I will tell you that back when I was on 330, we had the following on various years, in various forms: Lots and lots of practice field time at events (I wasn't exactly keeping track--but IIRC, the practice field and filler line were utilized heavily while we had batteries to spare.) Lots and lots and lots and lots of practice time at our home facility with robot #2 (built first), starting around Week 4--we had to replace treads on the wheels more than once, found out about a side-loading weakness in a particular AM wheel design the hard way (it's since been fixed), and quite a few battery cycles. As I understand it, later practice sessions started with most of the batteries full, took a break when all the batteries were empty (and charging), and then put another round of practice in until the batteries needed charging again. I wouldn't say that happened every night... but several nights a week, before and between competitions. This started in 2007. (Count hours? Nope, I don't think they did. Takes too much time away from practicing!) You want a specific amount of time, you get a stopwatch and start as soon as driver practice starts using something like the above. Stop when it ends. Record the time.

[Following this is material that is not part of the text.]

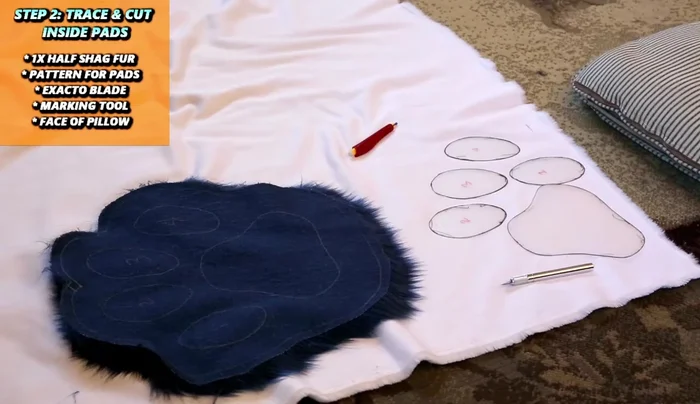 Trace and cut out the inside pads using the shorter pile fur, pad pattern, exacto blade, and marking tools. Also cut out the face of the pillow.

Wash, rinse, repeat... and add up the time at the end of the season. (OK, maybe note when events happened...) That's how you get a specific number. Then you can plan accordingly in following years.;) |
Re: Practice Time
The way our team does it is we have two robots done within two to three weeks. Then the remaining time is all improvements and programming. Lots and lots of programming just for the ease of the driver, so a driver who has programming experience would make a great driver.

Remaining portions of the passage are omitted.